Although optic pits were described more than a century ago, the pathogenesis and pathologic nature of the associated macular lesions remain controversial. The authors used the technique of optical coherence tomography (OCT) to further define the anatomic relation that exists between optic pits, macular schisis-like spaces, and macular detachments. Four eyes of three consecutive patients with optic pit-related macular pathology were evaluated. Cross-sectional OCT images were correlated with findings from slit-lamp biomicroscopy and stereo fundus photography. All eyes previously had undergone unsuccessful photocoagulation to the temporal juxtapapillary retina. One eye had undergone vitrectomy and intraocular gas tamponade, resulting in partial resorption and displacement of the submacular fluid. Retinal edema and cystic degeneration were present, overlying macular neurosensory detachments in all four eyes. The most prominent edema was present in the outer retina at the level of the outer plexiform layer. This mimicked a true retinoschisis cavity, although bridging retinal elements were identifiable. A lesser degree of edema was present in the inner retina, predominantly located between the disc and fovea. In one eye, a lamellar hole was shown to be a defect in the outer neurosensory retina. In another eye, a macular detachment developed under a pre-existing schisis-like cavity.
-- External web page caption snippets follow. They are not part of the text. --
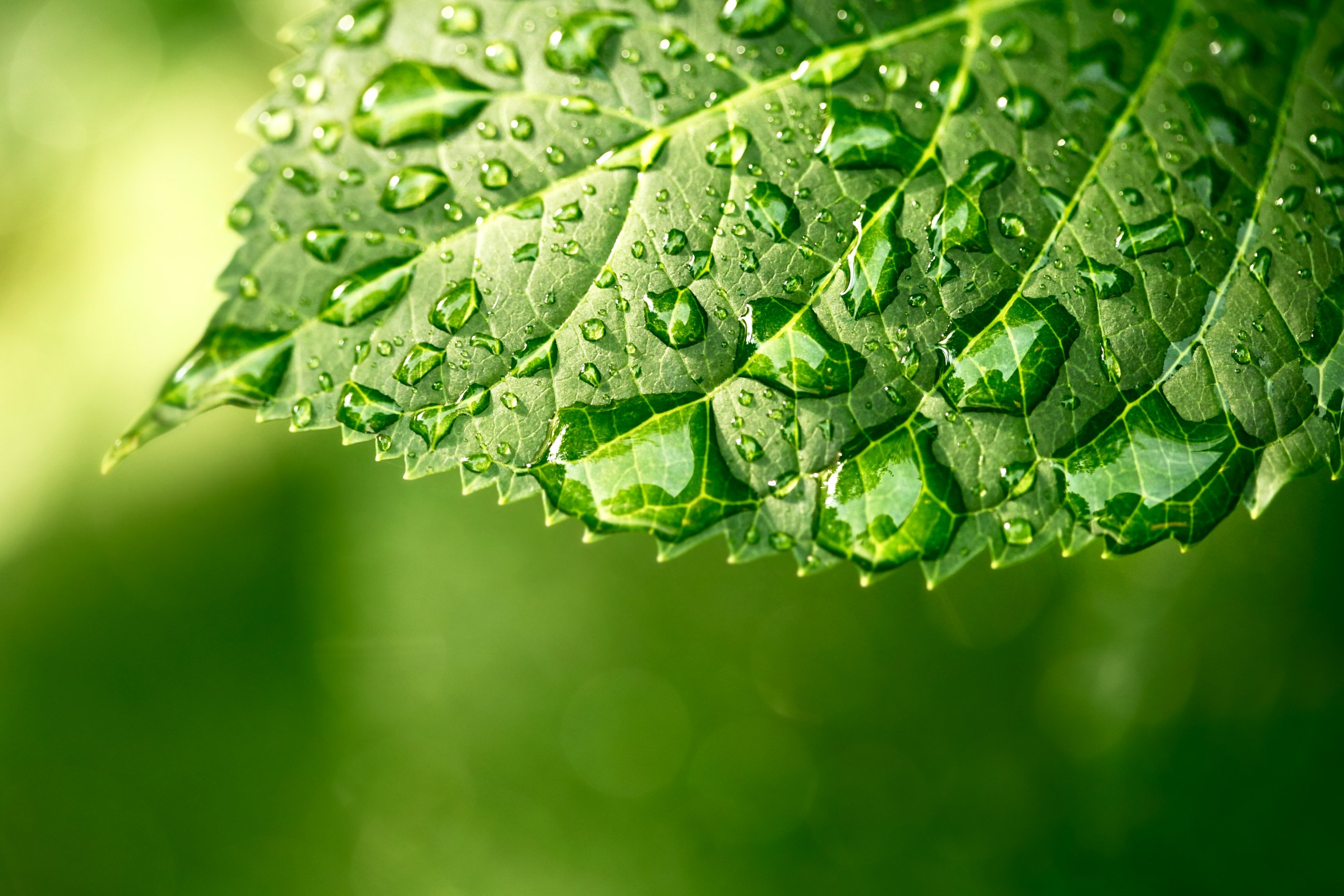 Glycerin water droplets on leaf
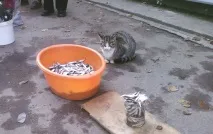 Фото забавних котів, що вміють стояти на двох лапах, надсилають на конкурс Metro котів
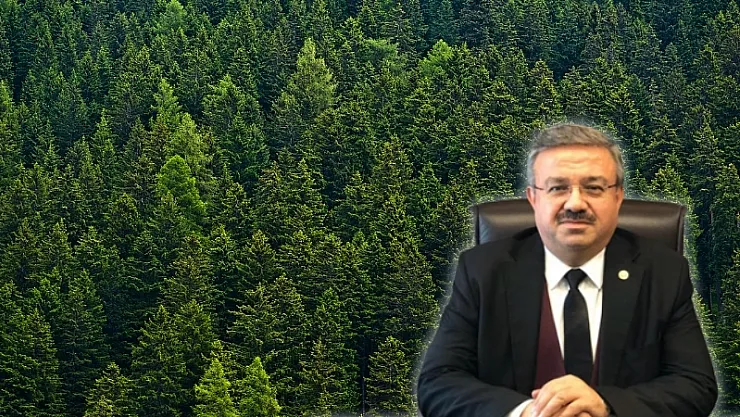 100 Bin Fidan Toprakla Buluşacak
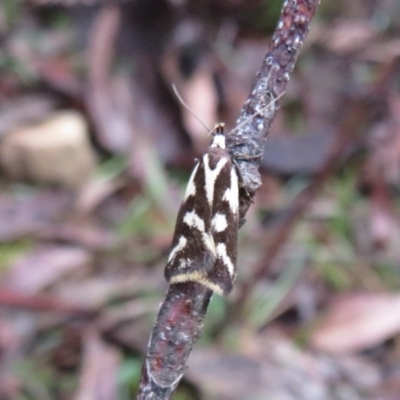 Epithymema incomposita (Chezela group) at Harolds Cross, NSW - 8 Mar 2020 by Christine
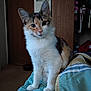Dinah joined the competition — help win amazing prizes! cat, calico_cat, indoor, bedspread, furniture, door, closet, clothing, curious, pet, animal, fur, whiskers, ears, eyes, sitting, home, cozy, domestic, feline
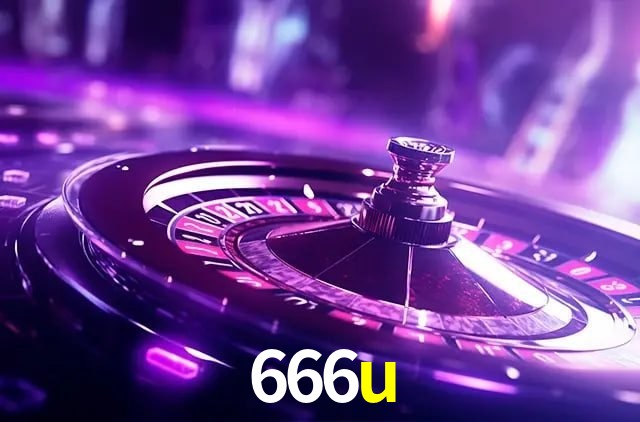 Interface Premium 666u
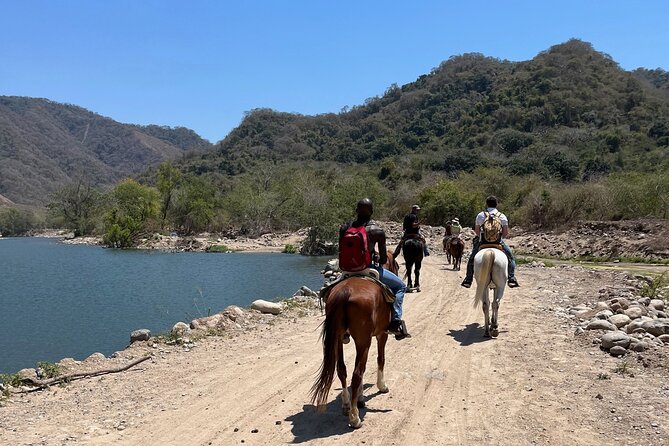 Horseback Riding & Swim: Tequila Tasting, BBQ & Margaritas - Hacienda Dona Engracia and Your Horse Match (The Start You Feel)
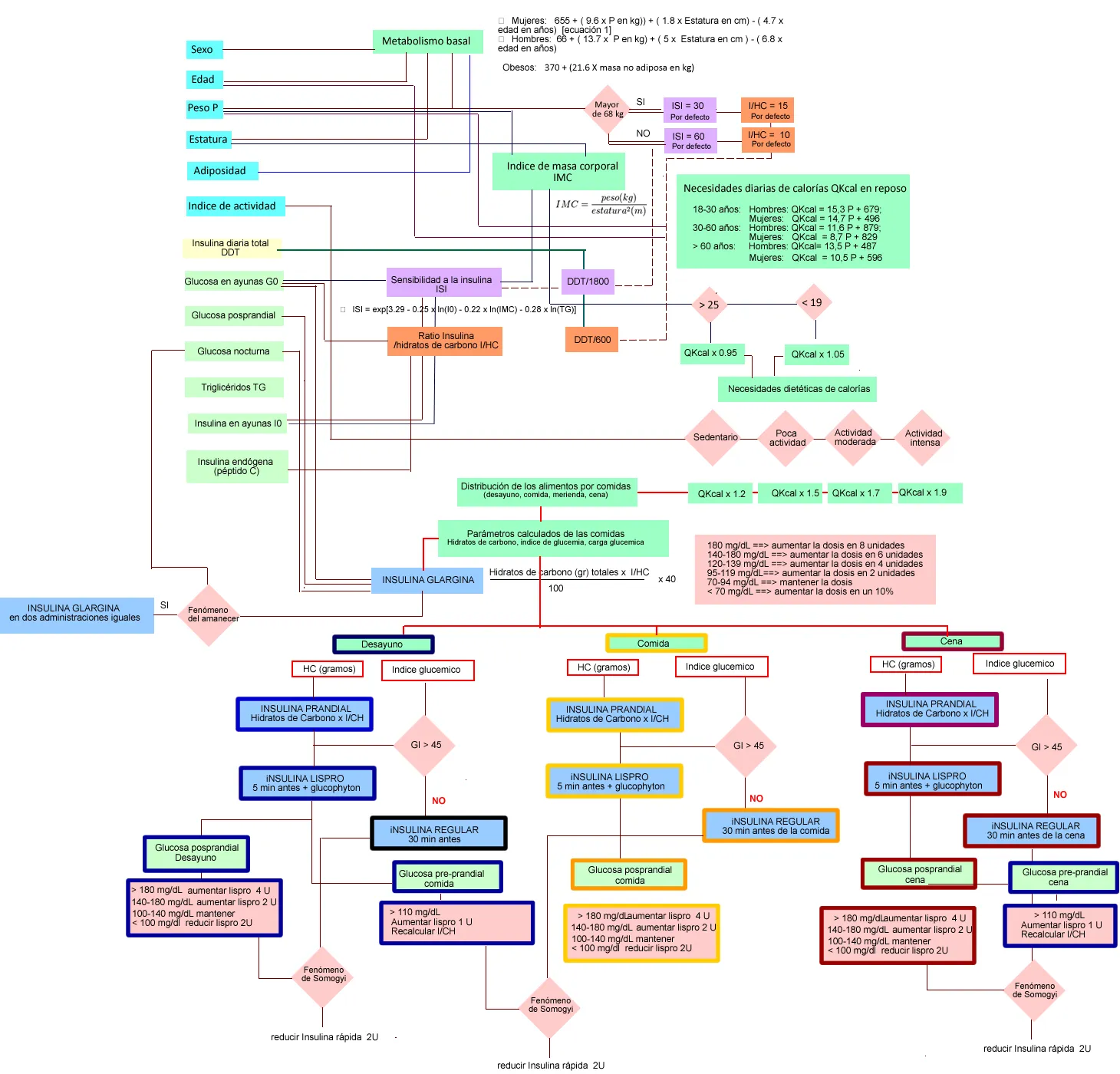 {'en': 'Algorithm for calculating insulin needs', 'es': 'Algoritmo para el cálculo de las necesidades de insulina'} Image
The schisis-like cavity or edematous retina communicated with the optic disc in all eyes, whereas none of the eyes demonstrated a direct connection between the macular detachment and optic pit. These findings support the concept of a bilaminar structure in which a macular detachment develops secondarily to a pre-existing schisis-like lesion consisting of severe outer retinal edema. Fluid may enter from the optic pit into the retinal stroma and not directly into the subretinal space, explaining the prolonged recovery and frequency of treatment failure after photocoagulation to the juxtapapillary retina.